In de ons omringende landen nemen de regeringen besparingsmaatregelen. Wij doen dat bij gebrek aan een volwaardige federale regering niet. Maar toen er wél een regering was, lieten we ook de kansen liggen.

Het is bekend, de hele westerse geïndustrialiseerde wereld en dus ook Europa kampt met hoge overheidstekorten en schulden, vooral ten gevolge van de financiëel-economische crisis. Griekenland, Spanje, Portugal, Ierland en Italië werden eerder al door de financiële markten en Europa gedwongen om straffe besparingsmaatregelen uit te vaardigen, want hun torenhoge schuld en lakse beleid brachten de euro in nauwe schoentjes.
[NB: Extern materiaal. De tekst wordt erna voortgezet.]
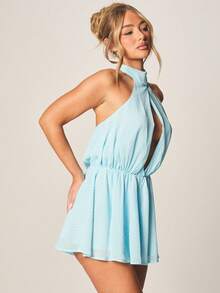 MISSGUIDED Halter Neck Keyhole Front Flowy Romper With Elastic Waist Tie Back Detail Summer Beach Vacation Outfit - Multicolor - View 1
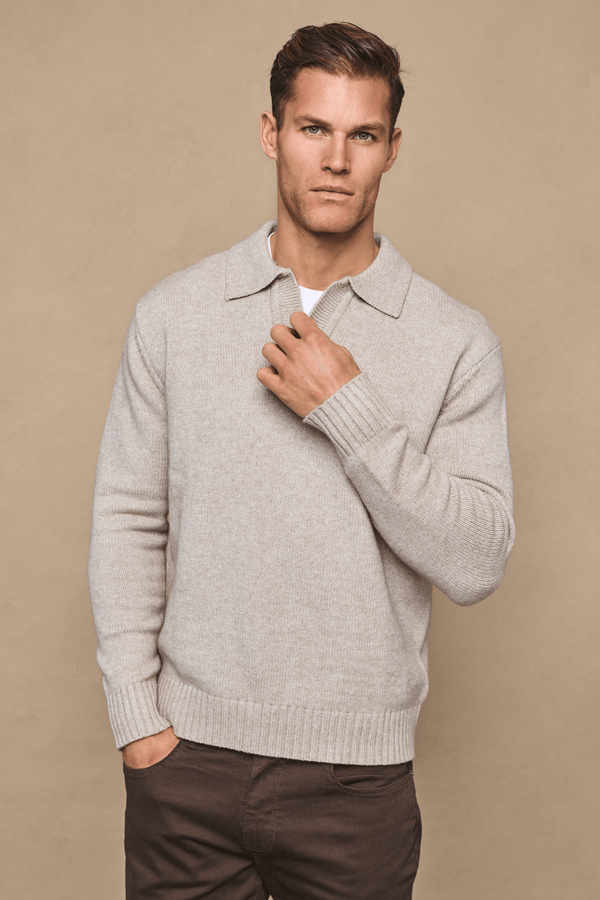 Dylan Chunky Knit Open Collar Sweater - Oatmeal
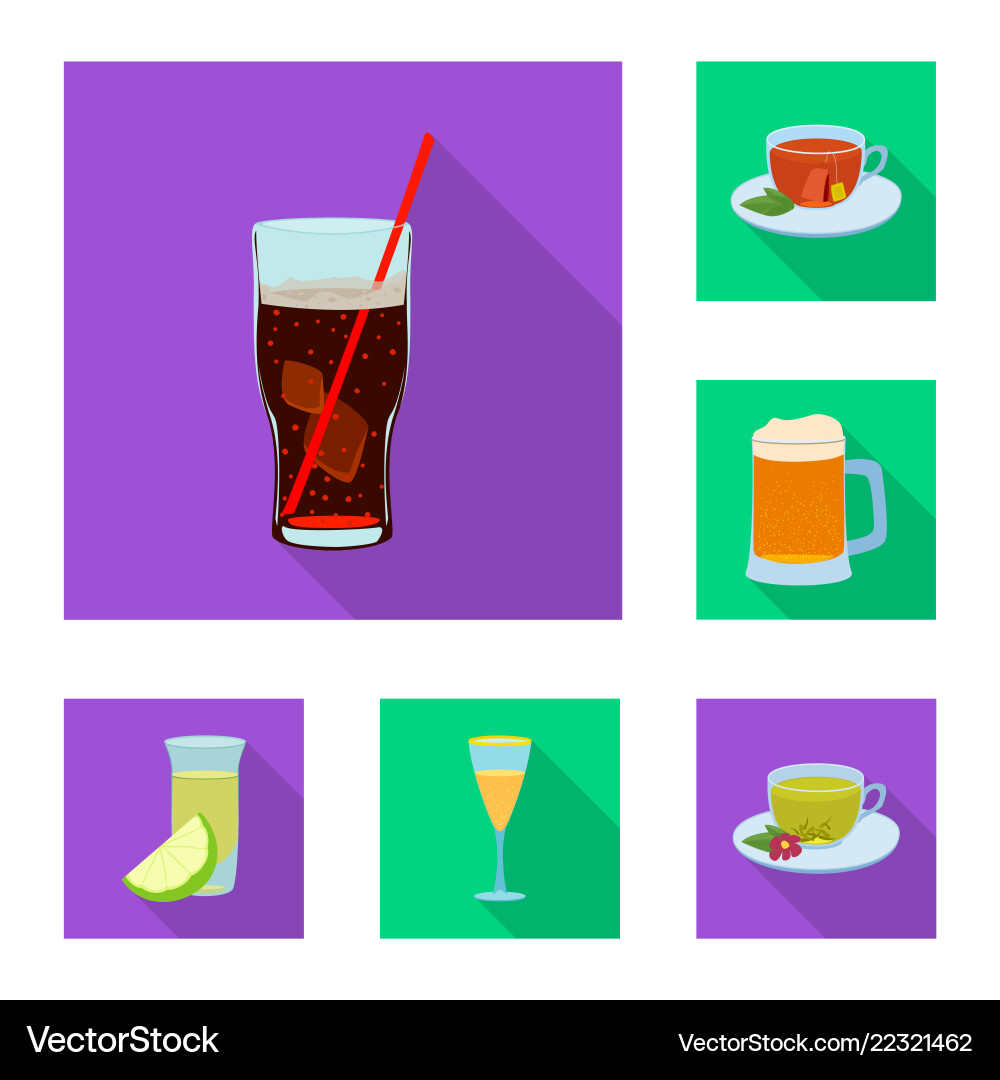 Isolated object of drink and bar icon set Vector Image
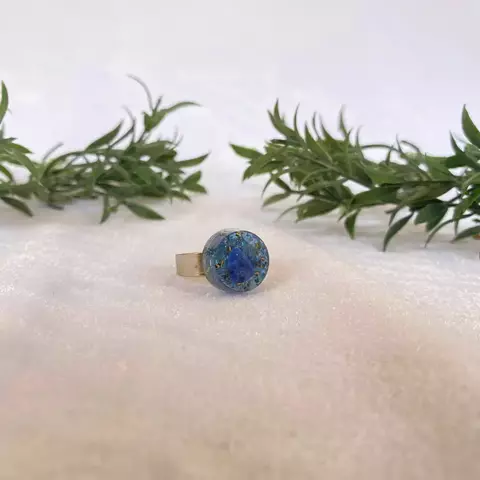 Anel Orgonite Ajustável - Chakra Laríngeo - Ajustável - Quartzo Azul - comprar online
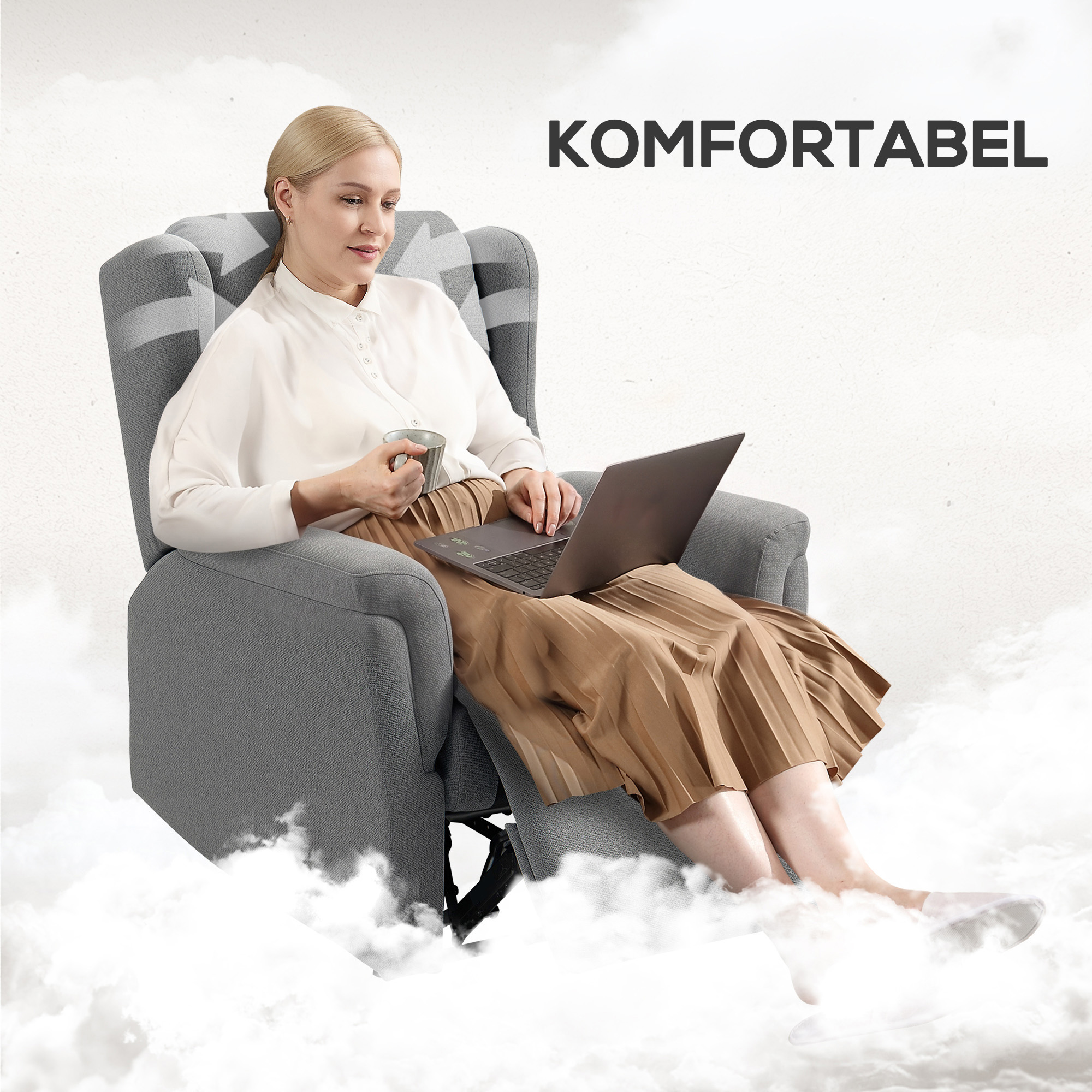 Relaxsessel, reguleeritav pehme tugitool jalatoega, 160° kallutatav, tumehall, 80 x 94 x 101 cm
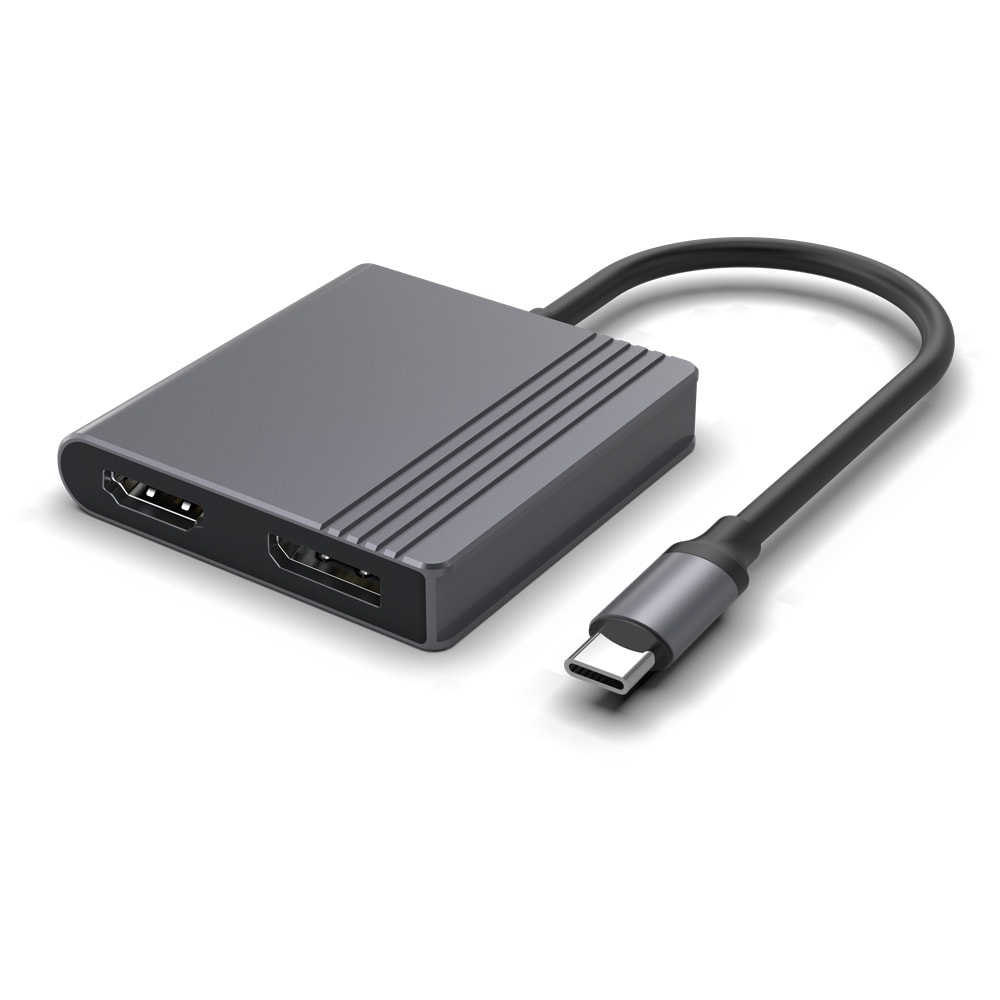 USB-C til HDMI- og DisplayPort-adapter / 4K 60Hz skærmadapter / sort USB-C-adapter til to skærme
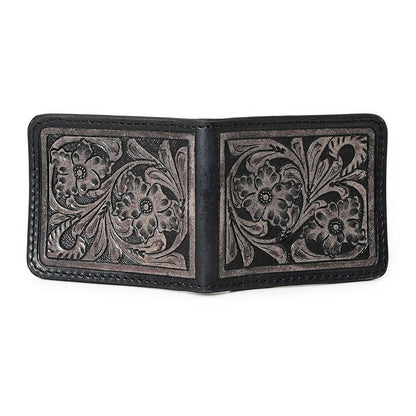 HushaHide Handcrafted Genuine Leather Wallet | Tooling floral Design | Unisex | Slim Bifold Wallet for Men & Women - HUSHAHIDE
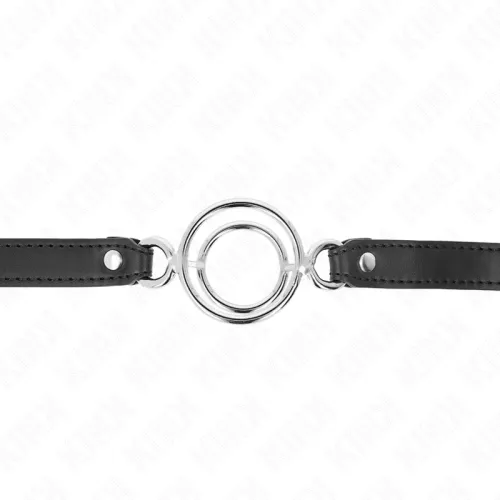 Gag with multiple O-rings, 5cm, black, 63 x 2.5cm – Kink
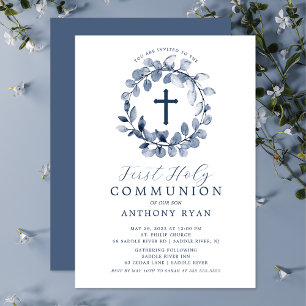 Blue Leaf Boys First Communion Invitation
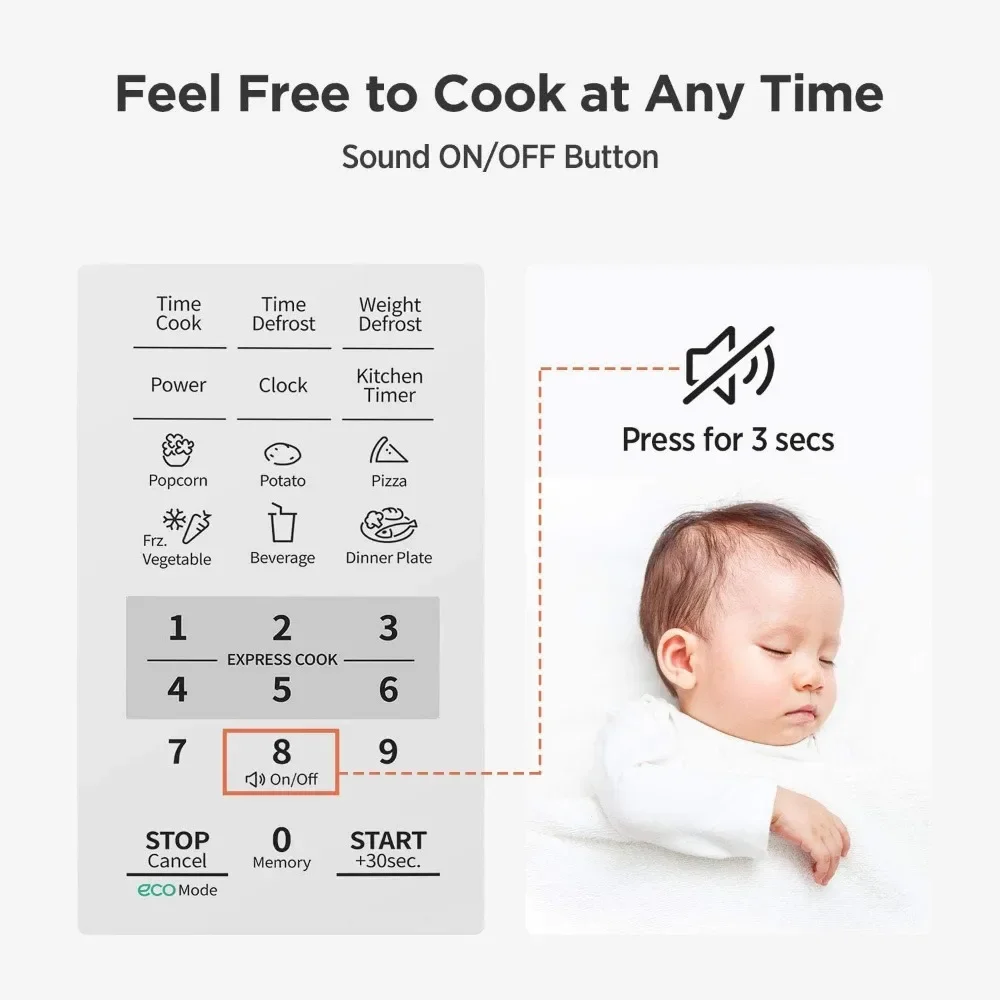 COMFEE' EM720CPL-PM Countertop Microwave Oven with Sound On/Off, ECO Mode and Easy One-Touch Buttons, 0.7 Cu Ft/700W Pearl White 4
Nu nemen ook de regeringen van de ons omringende landen doorgedreven maatregelen. Frankrijk verhoogt de pensioenleeftijd. Nederland trekt de pensioenleeftijd op, bespaart in de sociale zekerheid en trimt de ambtenarij af. Groot-Brittannië voert draconische besparingen door, waarbij een half miljoen overheidsbanen verdwijnen en de pensioenleeftijd opgetrokken wordt. En Duitsland voert al langer een zuinig beleid en heeft nu al de pensioenleeftijd op 67 jaar liggen.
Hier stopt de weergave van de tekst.